Bersama Henriette Hutabarat dari PGI, Romo Agustinus Ulahayana dari KWI, Uung Sendana dari Matakin, dan Suhadi Sendjaja dari NSI/Walubi, Said Aqil membuat pernyataan sikap Solidaritas Lintas Agama untuk Kemanusiaan Rohingya di Kantor PBNU.

Tokoh lintas agama mengutuk dan mengecam segala bentuk kekerasan karena mencederai kemanusiaan, termasuk yang menimpa Muslim Rohingya.

"Apa pun alasannya, hal tersebut sama sekali tidak dibernarkan oleh agama dan keyakinan mana pun," kata Said Aqil.

Namun, lanjut dia, apa yang terjadi di Rohingya lebih kompleks dari sekadar simplifikasi isu soal agama. Di sana ada perebutan sumber daya dan juga ada pertarungan politik sehingga yang peling tepat adalah mendudukkan tragedi di Rohingya sebagai tragedi kemanusiaan.

Untuk itu, tokoh lintas agama menyerukan kepada seluruh umat beragama untuk berpartisipasi aktif dalam menggalang donasi dan bantuan kemanusiaan kepada korban tragedi kemanusiaan di Rohingya.

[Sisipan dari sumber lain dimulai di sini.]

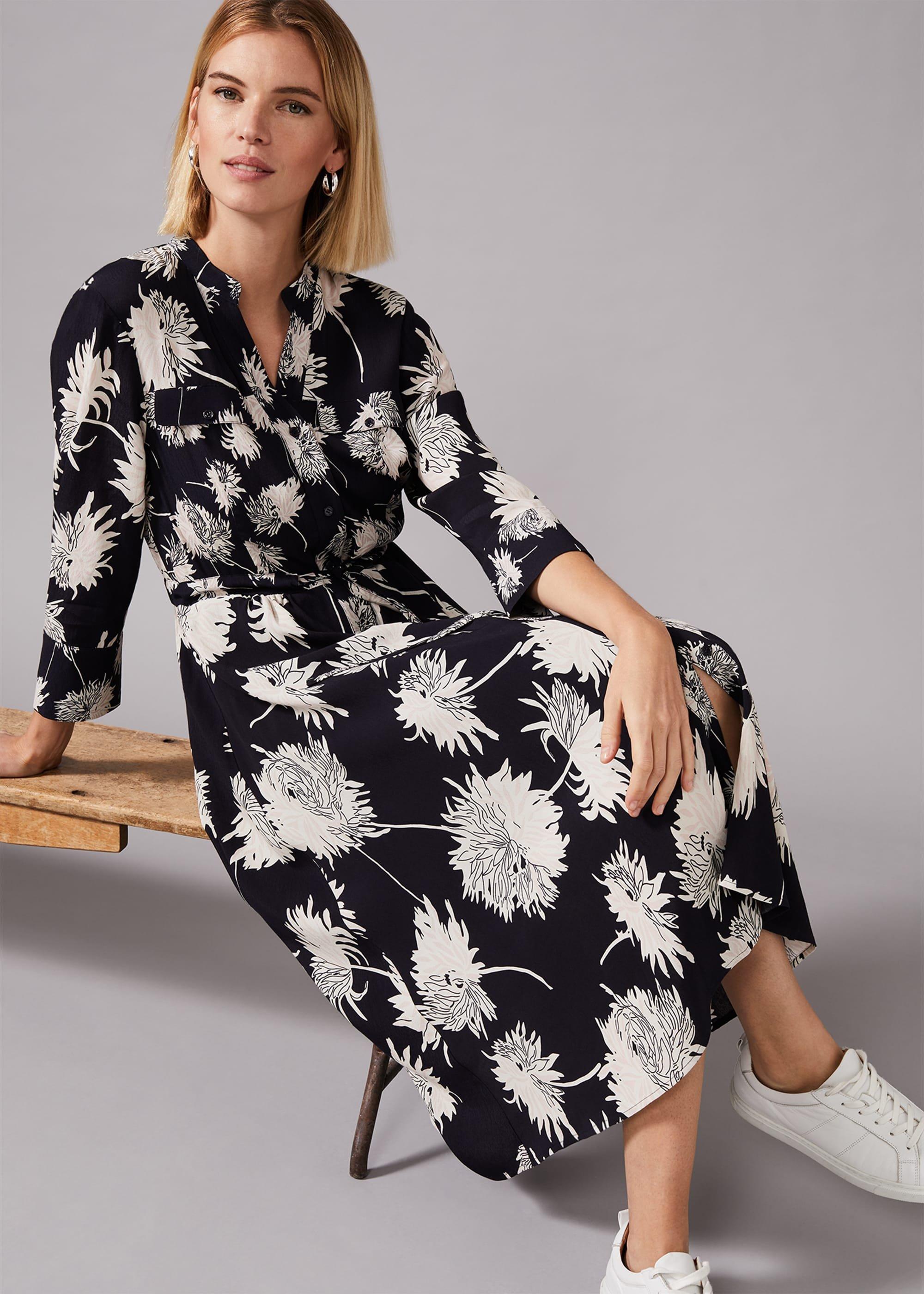 Keiki Floral Shirt Dress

"Langkah paling bijaksana dan nyata sekaligus dibutuhkan oleh korban saat ini adalah bantuan berupa makanan, sarana kesehatan, dan juga sarana pendidikan," kata Said Aqil.

Tokoh lintas agama mengapresiasi dan mendukung penuh langkah Pemerintah Indonesia dalam rangka mengupayakan solusi untuk mengatasi tragedi kemanusiaan yang terjadi di Rohingya.

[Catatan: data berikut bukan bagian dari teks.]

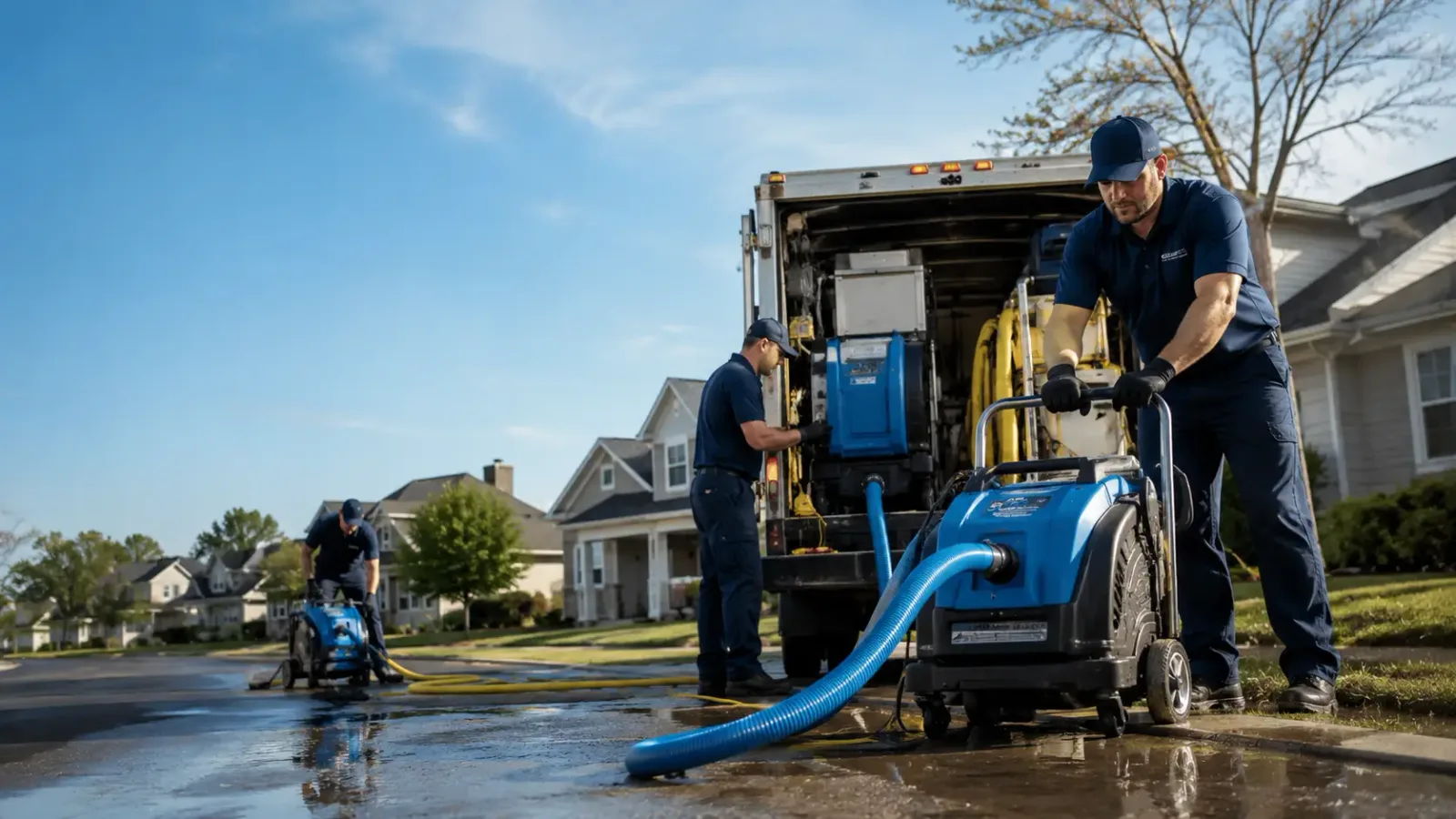 Flood Damage Cleanup in Bahama, NC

"Langkah tersebut merupakan langkah konkret dan sigap dalam menyikapi tragedi yang sedang berlangsung," kata Said Aqil.

Di sisi lain mereka mendesak seluruh elemen internasional, PBB dan ASEAN untuk bersama lebih proaktif mencari langkah dan solusi dalam menyelesaikan tragedi kemanusiaan yang sedang terjadi.